Change in use – deemed disposition
When you change a property from one use to another (either from personal use to re
ntal or vice versa), there is a deemed disposition of the portion that changes use. For example, if you decide to renovate your home to add a suite, and then you rent out the suite, the portion you are renting is deemed to be “disposed of”. The disposition is deemed to be at fair market value, which could result in a gain (often offset at this time by the principal residence exemption).
Adjusted cost base
When the change in use happens, it is important to get an accurate assessment of the fair market value of the home, and to allocate the fair market value on a reasonable basis between the principal residence portion and the rental portion of the home. The fair market value of the rental portion now becomes its “adjusted cost base”. The cost base of the rental portion would be subtracted from the proceeds in the future if you sell the home in order to determine your taxable capital gain. Once the rental portion has been segregated, costs incurred for large items related to the rental can be added to the cost base of the rental.

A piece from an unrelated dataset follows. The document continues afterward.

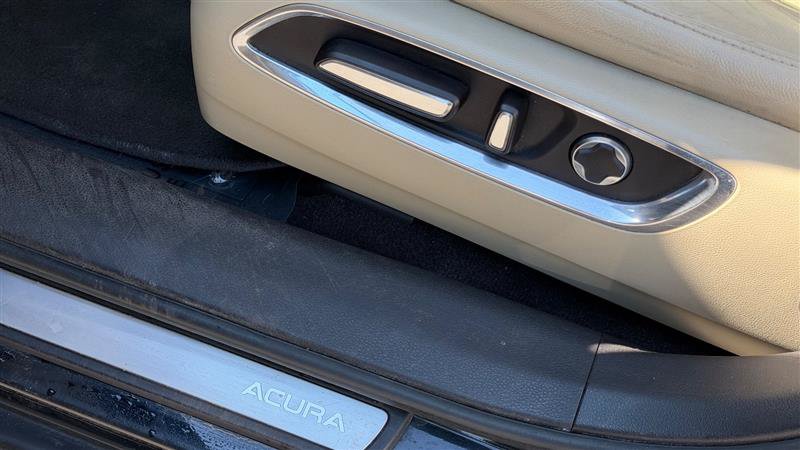 Used 2019 Acura MDX SH-AWD image 24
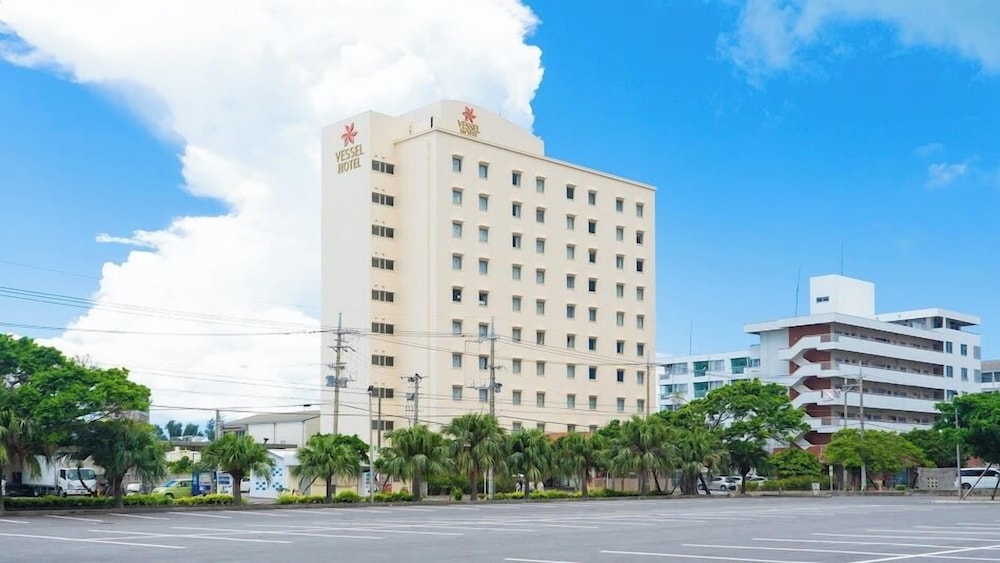 Vessel Hotel Ishigakijima Ishigaki Island 61/66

These would need to be expenditures that would be considered capital in nature, such as the addition of a garage.
If you sell the house in the future, the proceeds related to the rental portion would not be sheltered by the principal residence exemption. This means that there could be an unexpected (and sometimes large) taxable capital gain when you sell your home. The proceeds of the sale would be allocated to both the principal residence and the rental portion of the home, and the adjusted cost base of each would be subtracted from the proceeds to calculate the gain related to each portion. The rental portion of the gain would be subject to tax, while the principal residence portion often would not be.
Tax on rental income
Once you are receiving income from the rental of a portion of your home, you are required to report it on your income tax return. You are also permitted to deduct most expenses related to earning the rental income. Some common expenses that may be incurred related to the rental are:
- costs of advertising the rental unit
- repairs and maintenance
- mortgage interest (not principal)
- property taxes
Capital cost allowance
Another deductible expense related to rental units is capital cost allowance. Capital cost allowance is an expense taken each year related to the depreciation of the rental. However, any capital cost allowance that you take will be deducted from the cost base of the rental unit. The implication of taking capital cost allowance is that the taxable capital gain when the rental unit is sold in the future could be much higher than expected if the cost base has been reduced through claiming capital cost allowance.

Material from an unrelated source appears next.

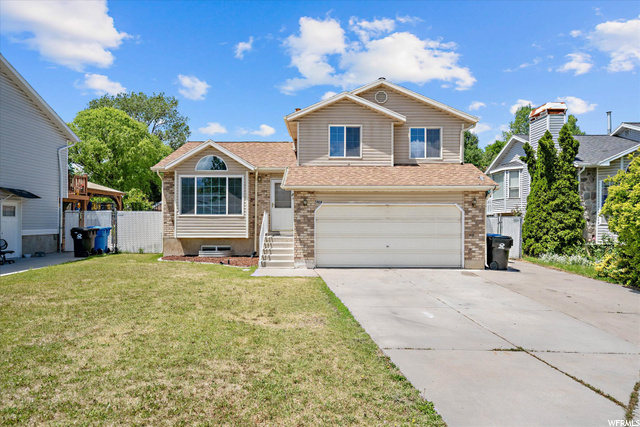 Existing Home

There may be opportunities for income splitting on rental units. If your spouse or children provide work related to earning the income, it may be possible to spread the income over two or more people.
Changing the use of a portion of your home from residence to rental can be more complicated than you think. Often times, no consideration is given to the tax consequences of such an adjustment, and taxpayers can be on the hook for thousands of dollars in taxes, either now or in the future. It’s a good idea to talk to your accountant in order to make the best use of the tax regulations related to rental units before you go ahead with the decision to start renting.